* **What to produce**: Nothing but the lines from the one containing "Best Sale Claris" through the last line of the material should appear in the answer, transcribed exactly, pictures excluded.

--- Supplied information Enclosed Below ---

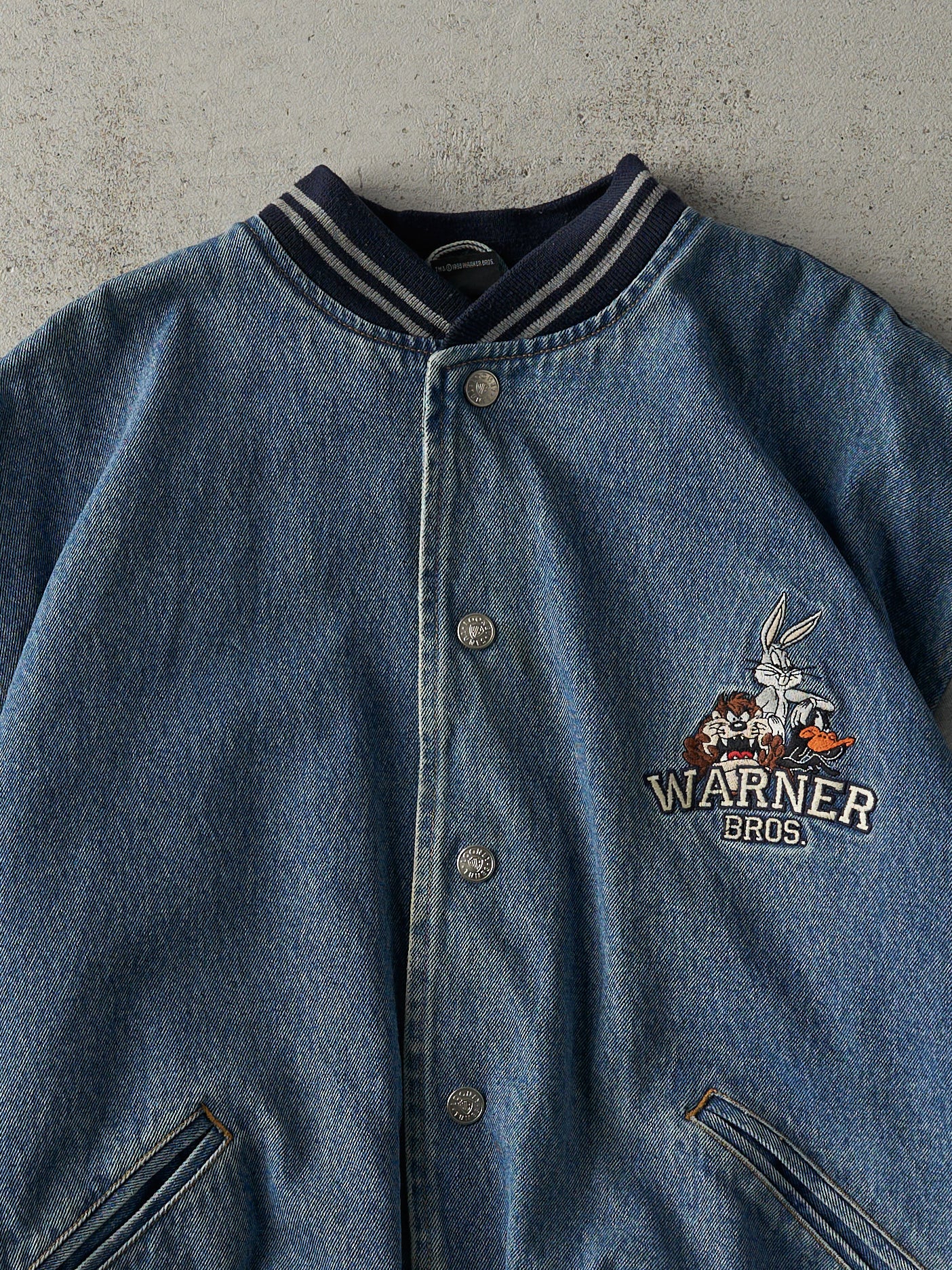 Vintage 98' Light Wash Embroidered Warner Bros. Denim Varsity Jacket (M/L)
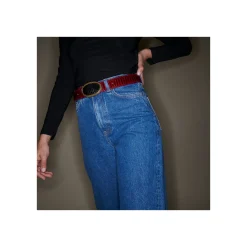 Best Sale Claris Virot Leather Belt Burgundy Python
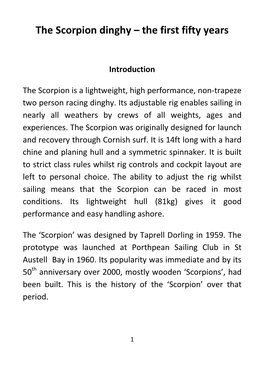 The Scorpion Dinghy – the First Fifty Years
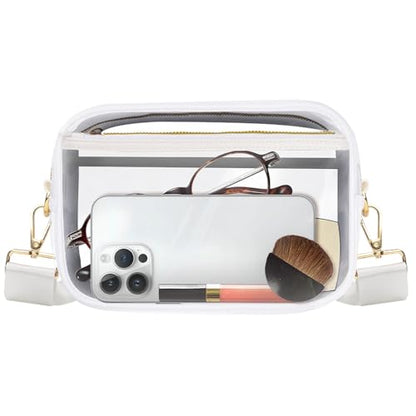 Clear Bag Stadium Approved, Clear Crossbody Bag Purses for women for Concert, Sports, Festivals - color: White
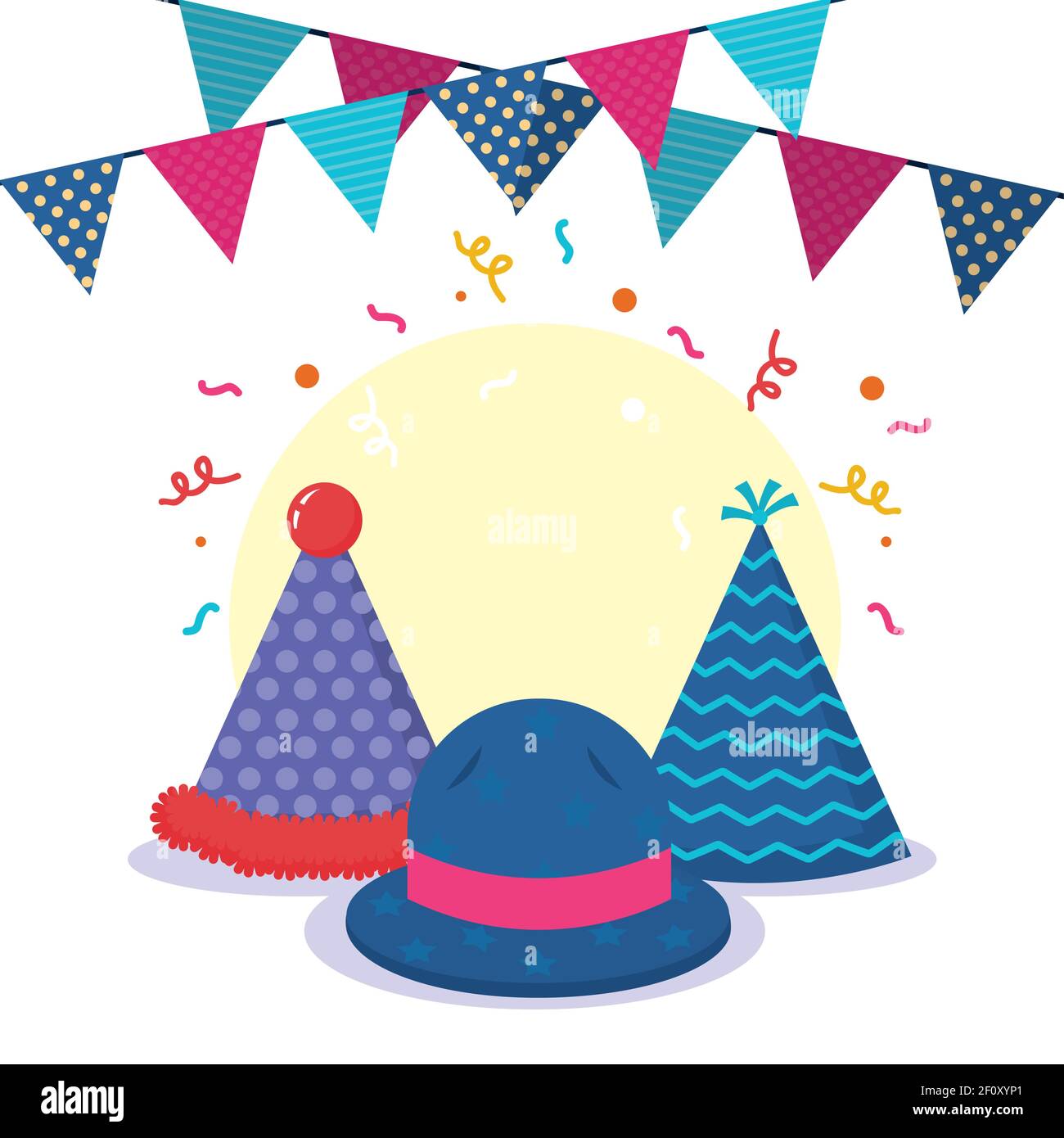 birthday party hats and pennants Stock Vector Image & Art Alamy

--- End of Enclosed Supplied information ---

* **Response below**:
 Best Sale Claris Virot Leather Belt Burgundy Python
 The Scorpion Dinghy – the First Fifty Years
 Clear Bag Stadium Approved, Clear Crossbody Bag Purses for women for Concert, Sports, Festivals - color: White
 birthday party hats and pennants Stock Vector Image & Art Alamy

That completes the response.